After leaving a quick note for Isaac that Molly would undoubtedly use as later ammunition and then dropping Wolfgang off with Stephanie for safekeeping, Quinn drove with Gwen to the local private airport, commandeered Isaac’s plane, flew through several states, and landed in the middle of Hicksville, USA. From there, they took a cab to the edge of some national forest and hoofed it with backpacks for hours, long enough for Quinn to spill her entire history with Zaire and the details she knew about Braden and the Crows. Near sunset, Gwen called their journey to a halt in a cemetery that had seen better days.

Great.

Quinn dropped her backpack on the grass and slid down with her back against the nearest tree trunk, every muscle aching. A nippy breeze shuffled through the fir trees, and she hunched in her ski jacket, grateful for her scarf, long johns, and wool socks. Alone in the boonies accompanied by a demented fairy in league with the V’alkara, surrounded by crumbling gravestones and forgotten memories with winter night closing in. She was beginning to doubt her intuition.
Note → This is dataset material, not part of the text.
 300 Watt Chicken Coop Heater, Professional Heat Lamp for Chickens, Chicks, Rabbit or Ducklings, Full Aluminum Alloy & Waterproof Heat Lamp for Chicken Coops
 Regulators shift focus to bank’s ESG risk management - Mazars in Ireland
Gwen tossed her neon green Ewok backpack aside and flopped on the grass beside Quinn. She crossed her ankles and slipped her hands behind her head, giving the impression that she planned to stay awhile. At least she’d exchanged her red thigh-high, spiked-heel boots for hiking shoes, and traded her clashing ensemble for stealthy, all-black, weather-resistant thermals. Not all hope was lost.
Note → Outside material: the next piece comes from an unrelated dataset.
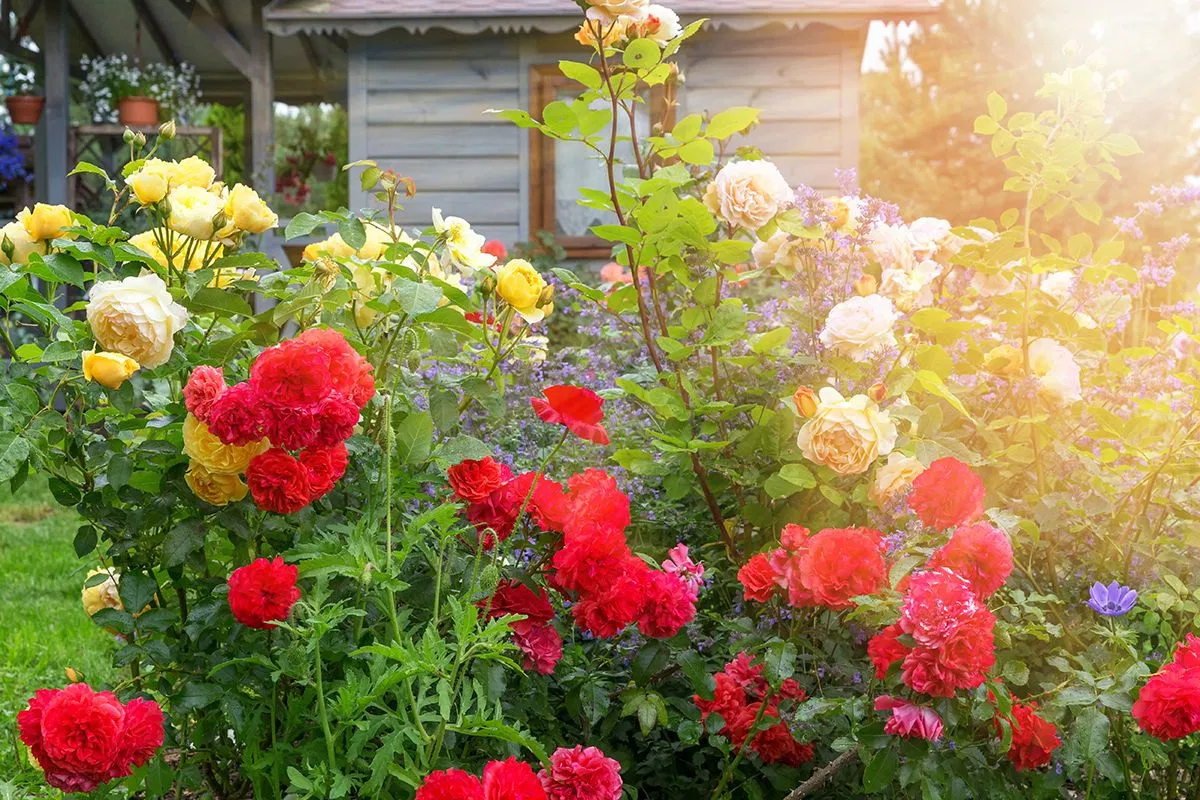 Rose garden background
“Why are we stopping here?” Not that Quinn was complaining about the rest, but the need to get to Zaire burned like live coals in her gut. She stretched out her throbbing legs and swigged from her water bottle.

“Either you trust me, or you don’t, dreamcaster.” Gwen hummed a creepy, haunting tune, perfect for the setting.

“Like I have a choice,” Quinn muttered.

Gwen jerked to a seated position, her green eyes hard as gems in the failing light. “You always have a choice.” A hiss underscored each word, as though the freedom to make those choices was something she never took for granted. “But an educated choice is even better.” She bared her pointy teeth. “Here’s the thing with your exceptionally stubborn, living on a death-wish for years, legendary worst-of-the-worst V’alkara.” She leaned uncomfortably close to Quinn’s ear. “He’s broken, and I’m not even talking about the emotional factor from being raised on pain, violence, and terror. Instead of taking nightmares like any rational V’alkara knows he needs to survive at the lowest level, he absorbed the ones he stored. It worked for hiding out, but it messed him up. Big time. And I have a feeling he didn’t care how it affected him until he found you.”

Quinn clenched her jaw, refusing the tears. “He holds on for Braden, not me.” If Gwen knew that much about Zaire, she had to know more. “Once Braden is safe, he plans to disappear, and my opinion about that goes in one ear, rattles in his head awhile, then spits out the other side.”

“Typical V’alkara, doing his worst to protect a dreamcaster. You think he’s overprotective now? After the bonding, it’s despicable how much they fuss.” Gwen rolled her eyes. “Worse than any monster mother hen. Watching men who normally change into nightmares and terrorize others coddling a person instead of killing them is so confusing.”

Bonding. Quinn gripped her water bottle tightly. So simply being Zaire’s dreamcaster match wasn’t enough. “How does this match bonding work? Whatever I have to do to keep him, I’m all over it.”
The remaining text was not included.